You are sitting in a boardroom, or perhaps staring at a screen, and the heat starts at the base of your neck. Someone just minimized your contribution, or maybe they are performing for an invisible audience, using your labour as a footstool. Your pulse quickens. You want to clap back with the fire of a Jamaican woman scorned, and your body is currently betraying you. Your jaw is clenched, your shoulders are near your ears, and your brain is screaming for a reaction.
This is the trap.
When you react emotionally to the nonsense of others, you are outsourcing your peace. In our community, we are often told that being strong means being loud. I’m here to tell you that true strength, the kind that heals divisions and builds legacies, is found in the strategic pause.
The art of the calculated pause
Most people blurt. They let their anxiety wear a trench coat and call it speaking their truth. You? You must calculate. When the annoyance hits, wait three seconds. Ask yourself, “Is this worth my energy, or am I about to embarrass Future Me?” Your Future Self is fragile; protect their reputation by refusing to be goaded into a low-level conflict.
Stop taking it personally. Most people are not attacking you; they are simply tired, insecure, or confused. Once you realize that their behaviour is a reflection of their internal chaos, life stops feeling like a battlefield and starts feeling like a classroom. You become an observer.
The three question power filter
Before you let a single word leave your lips, run the situation through this filter:
- Will this matter in a week?
- Do I control the outcome?
- Will reacting improve my life?
If the answer isn’t a resounding “yes” to at least one, congratulations: you are now officially above the situation. Use humour as your armour. Sarcasm shouldn’t be a weapon to make others small; use it as a tool to make the situation lighter. Punch up at the bureaucracy, or the absurdity of the moment, never down at the person.

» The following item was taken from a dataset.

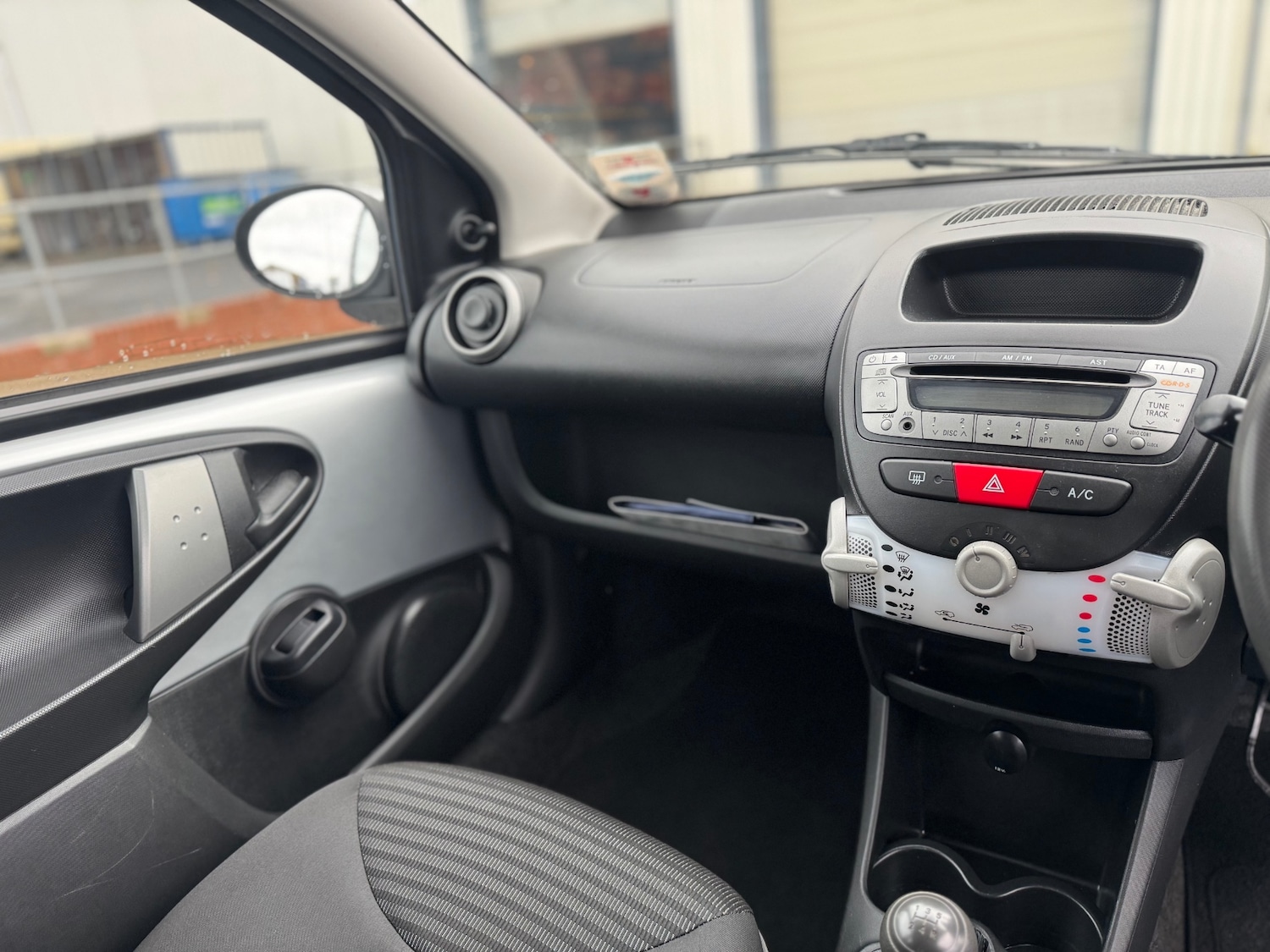 Used Peugeot 107 2013 for sale - 77490416: Photo 12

Mastering the smug, peaceful loop
There is a secret link between how you talk and how you feel. When you talk better, you get less bothered. To claim your power in a tense room, speak 10–20% slower. This signals to everyone that you are in total control. It gives your brain the necessary time to ensure it doesn’t betray you with a reactive comment.
Aim for “clean sentences”: short, clear, and calm. If someone pushes you, use neutral language. Replace “That’s stupid” with “I see it differently.” If the situation is truly beneath you, the elite move is to say nothing at all. Most people are terrified of silence; they will overshare just to fill the void, often revealing their own hands while you remain a mystery.
We often think that being unbothered means being cold, or apathetic. It doesn’t. It means selective engagement. It means you are so rooted in your own psychological awareness that you refuse to let someone else’s insecurity activate your fight-or-flight response.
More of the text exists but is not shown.